Alejandro Mario Fonseca
Con honrosas excepciones, la izquierda contemporánea parece tener sólo inquietudes políticas o todavía peor, económicas ya que reducen la política al dinero y al poder. En contrapartida, en mi primera juventud me tocó vivir un izquierdismo incipiente y humilde, mis preocupaciones eran tanto políticas como culturales: sí, como muchos fui un soñador.
Recuerdo que, sin saberlo adopté una postura idealista, contracultural. Tal vez influenciado un poco por el hipismo y la moda, también exploré las ideas de las religiones orientales y prehispánicas. Ahora caigo en una de las razones por las que ahora, me interesan tanto el budismo como el yoga.
También ahora me doy cuenta de que una de las grandes mentiras del marxismo fue que la religión es “el opio de los pueblos”. En realidad, la religión está relacionada con la identidad cultural. Es más, en occidente nuestra religión, el cristianismo, está en el núcleo duro de nuestra cultura: está en su origen.
Se trata de una interesante paradoja: en tanto parece que quisiera liberarse definitivamente de todas las ataduras religiosas y confesionales mediante una “expulsión” racionalista de lo religioso, la cultura occidental está revelando actualmente sus raíces profundamente cristianas.
El núcleo duro del cristianismo: la humildad
Y es que todo el horizonte ideológico de nuestra cultura contemporánea se halla construido en torno a la víctima y a su carácter central: víctimas del Holocausto, víctimas del capitalismo, víctimas de la guerra del narcotráfico, víctimas de las injusticias sociales, de las guerras y persecuciones, del desastre ecológico, de las discriminaciones raciales, sexuales y religiosas… ¿Y qué otra visión, sino el cristianismo, pone en el centro a la víctima inocente?

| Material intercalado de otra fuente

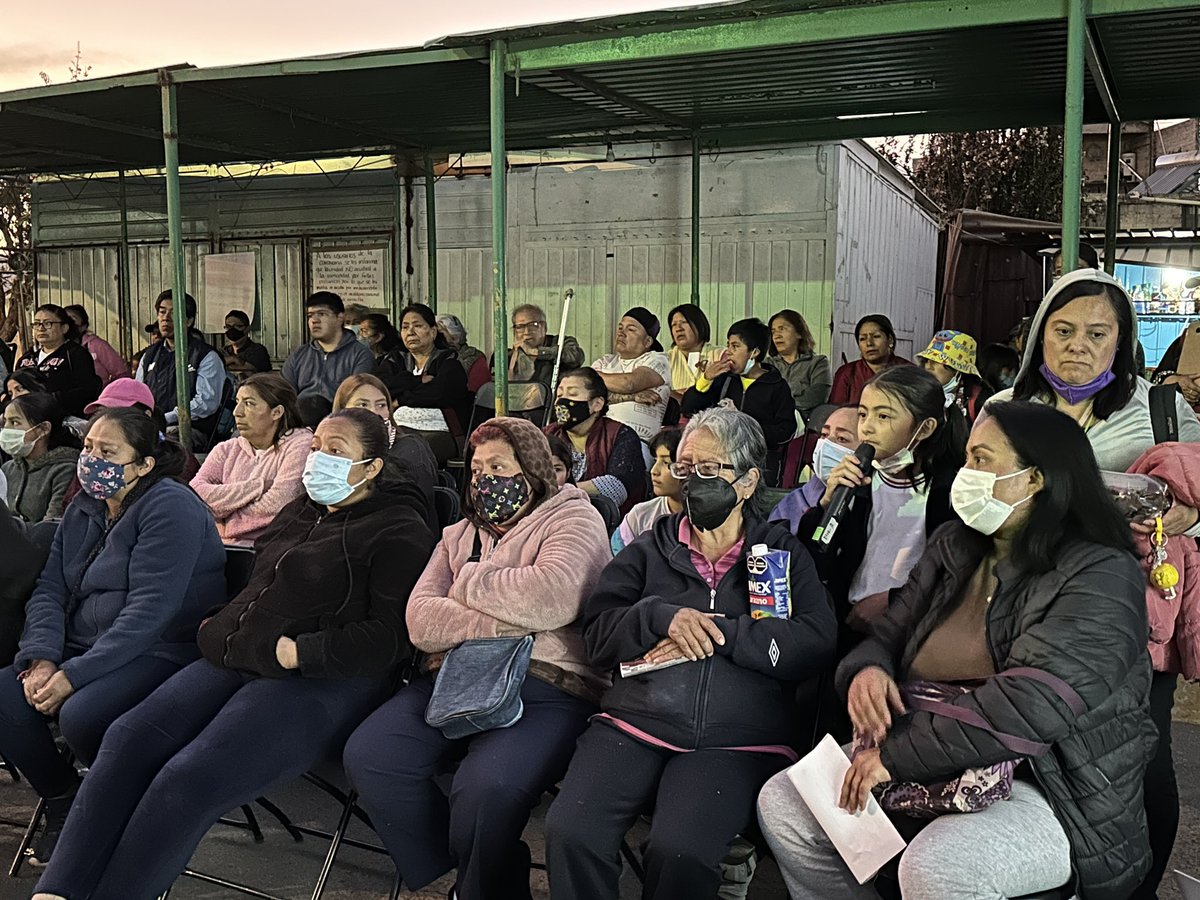 ParticipacionT's tweet photo. 🔴 ¡𝐒𝐞𝐠𝐮𝐢𝐦𝐨𝐬 𝐯𝐢𝐬𝐢𝐭𝐚𝐧𝐝𝐨 𝐚 𝐥𝐚𝐬 𝐲 𝐥𝐨𝐬 𝐯𝐞𝐜𝐢𝐧𝐨𝐬 𝐝𝐞 𝐥𝐚𝐬 𝐜𝐨𝐥𝐨𝐧𝐢𝐚𝐬 𝐩𝐫𝐢𝐨𝐫𝐢𝐭𝐚𝐫𝐢𝐚𝐬 𝐝𝐞 𝐓𝐥𝐚𝐥𝐩𝐚𝐧!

Pero todavía más a fondo, en el núcleo duro del cristianismo está la humildad. Las verdaderas víctimas son profundamente humildes. Y la humildad es una virtud profundamente humilde: quien se vanagloria de ella demuestra simplemente que le falta.
Hay que amar al prójimo como a uno mimo, y a uno mismo como al prójimo: en eso consiste la humildad -decía san Agustín-, en eso consiste la caridad. Por eso la humildad conduce al amor; y no hay duda de que todo amor verdadero la supone; sin la humildad, el yo ocupa todo el espacio disponible, y sólo ve al otro como objeto o como enemigo.
Dios (el nuestro: el de los judíos, cristianos y musulmanes), en el que unos creen y otros no, es para todos, una terrible lección de humildad. Los antiguos se definían como mortales: sólo la muerte, pensaban, los separaba de la divinidad. Ahora sabemos que la misma inmortalidad no podría hacer de nosotros otra cosa de lo que somos.
Los reyes magos según Saramago
El Maestro Jesús fue un hombre virtuoso y su humildad es lo que mejor lo definió a lo largo de su corta vida: su pobreza, su sencillez, su desamparo… valla, seguramente no era dueño ni siquiera de los harapos que portaba.
Ya para terminar esta breve reflexión sobre la humildad, le comparto un párrafo de El Evangelio según Jesucristo, del gran premio nobel José Saramago (Alfaguara 1991), que nos lleva a festejar un día de reyes más terrenal, más humano, en suma, más humilde:
Bajando la ladera se acercan tres hombres. Son los pastores. Entran juntos en la cueva. María está recostada y tiene los ojos cerrados. José, sentado en una piedra, apoya el brazo en el reborde del comedero y parece guardar al hijo. El primer pastor avanzó y dijo, Con estas manos mías ordeñé a mis ovejas y recogí la leche de ellas. María abriendo los ojos sonrió. Se adelantó el segundo pastor y dijo, a su vez, Con estas manos mías trabajé la leche e hice el queso. María hizo un gesto con la cabeza y volvió a sonreír. Entonces se adelantó el tercer pastor, por un momento pareció que llenaba la cueva con su gran estatura, y dijo, pero no miraba ni al padre ni a la madre del niño nacido, Con estas manos mías amasé este pan que te traigo, con el fuego que sólo dentro de la tierra hay, lo cocí. Y María supo que era él.